Twitter shares are surging in the pre-market, up 13%, after the company reported stronger than expected Q3 earnings and revenue thanks to higher spending from advertisers, even as the company’s Monthly Active Users dropped to 326 million in the third quarter, below the 330 million expected, and a decrease of 9 million from the second quarter.

The social media company reported Q3 adj. EPS of 21c, above the 14c estimate on revenue of $758.1 million, also above the $701.3 million expected.

Adjusted Ebitda of $295.4 million, beating consensus estimates of $237.4 million.

Twitter’s 29% jump in revenue marks the third consecutive quarter of double-digit growth according to Bloomberg, and Twitter has reported positive net income for four straight quarters.

At the same time, while sales and earnings have grown stronger, Twitter has suffered from a drop in user metrics, especially after purging its ranks to eliminate fake accounts, an effort that continues ahead of the U.S. midterm elections in November.

“We have a more engaged audience and we are delivering a better return on investment for advertisers,” Chief Financial Officer Ned Segal said in an interview with Bloomberg. “We are now seeing the fruits of our labor and going into the fourth quarter we have the wind in our backs.”

Like Facebook, Twitter had come under pressure to clean up its platform even as it relies on user growth to drive its advertising business.
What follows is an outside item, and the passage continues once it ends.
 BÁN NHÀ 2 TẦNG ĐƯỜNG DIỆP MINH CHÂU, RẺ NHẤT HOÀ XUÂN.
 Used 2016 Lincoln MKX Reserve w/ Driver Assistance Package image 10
The company said it had kicked off millions of accounts in recent months, and while the company acknowledged that it has had to divert resources to cope with the challenge, executives say the cost is necessary to support the health of its platform over the long term.
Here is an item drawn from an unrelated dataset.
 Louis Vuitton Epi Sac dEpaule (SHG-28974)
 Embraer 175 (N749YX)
As a result of this cleanup, the number of MAUs fell to 326 million (International MAUs 259 million; U.S. MAUs 67 million), down 9 million from the second quarter and below the 330 million analysts expected. The user number was also down 4 million from the same quarter a year ago. Twitter warned in its July earnings report of a continued drop in the metric as a result of efforts to clean up its service and stricter privacy rules in Europe. The company said those trends will continue and lead to another decline in monthly users for the fourth quarter.